April 12, 2005

Auctions

My wife and I played the two player version of Puerto Rico yesterday. Playing that game makes me happy for the rest of the day at the very least. And that's only when I'm losing - of course, I have won so many games in a row now that I'm amazed anyone will play with me :-)

But I have been looking on other german games, and the ones that really appeal to me are those that have some interesting economic element. In particular, Morgenland (which is called Aladdin's dragons in english) has a blind bidding mechanic that really intrigues me, and of course there's Reiner Knizia's Merchants of Amsterdam, which is based on the dutch auction.

The dutch auction suprised me when I first heard of it. An auction where the price ticks steadily down, and the winner is the first to take the bid - how utterly, well, cool!

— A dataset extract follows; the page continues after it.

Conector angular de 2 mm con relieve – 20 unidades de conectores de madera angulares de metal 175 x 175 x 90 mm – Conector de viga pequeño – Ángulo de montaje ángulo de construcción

When I read about auctions on the net I can understand why being an economist might be interesting.

But there's one auction form that I'm sure exists, which I would like to know more about (where it has been used, etc).

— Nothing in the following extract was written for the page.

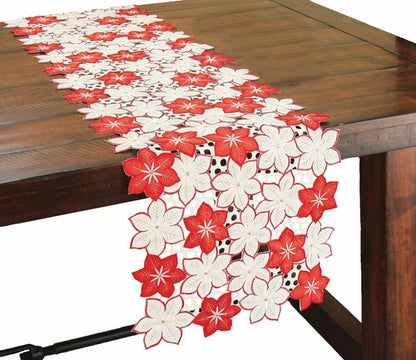 XD99022 Candy Cane Poinsettia Table Runner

When I read in Andrew Odlyzko's classic "Privacy, economics, and price discrimination on the Internet" (which I found via Wendy Seltzer a long time ago), I was particularly intrigued by the discussion of the article writer.

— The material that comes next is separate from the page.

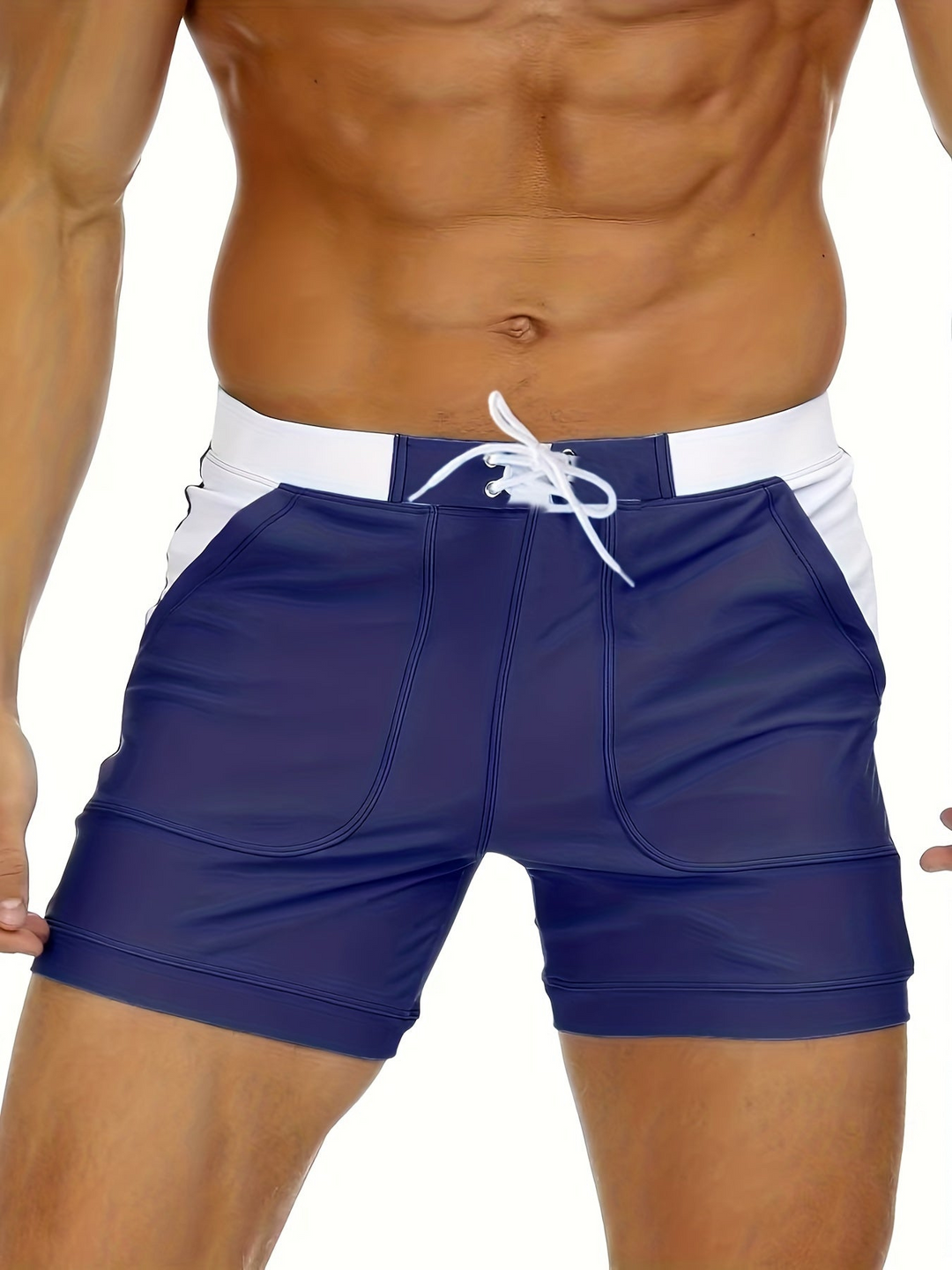 Quick-drying men’s swim shorts with breathable design – Elias-Navy blue-XS-The Livary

There's this guy who offers to write an article, and he has two customers, but the first is only willing to pay 600 and the other 1000. The writer won't take the time if he gets less than 1500. Unless he charges the one more than the other, the article won't get written.

That's OK, of course, it's just that to me the non-economist this seems like a great area for a sort of auction with commitments. Let all interested parties give a bid, if the sum is acceptable to the author, he publishes the article and takes all the commited money. If he doesn't, the bidders get their commitments back, of course. Now we can vary this basic concept (does the author publicise how much he needs to publish? How much is already entered? Is there a minimum bid size? How long does a commitment/bid last?), but it seems to me to be a great way to finance the kind of public or semi-public things like research articles, art displays, news, software etc.

The more uncertain people are what others will bid, the better off they are at offering what they genuinely are willing to pay. I'm not sure if this would work in practice, or if there's a game-theoretic reason why the article rarely gets written or something, but it would have been very cool to see this in action somewhere.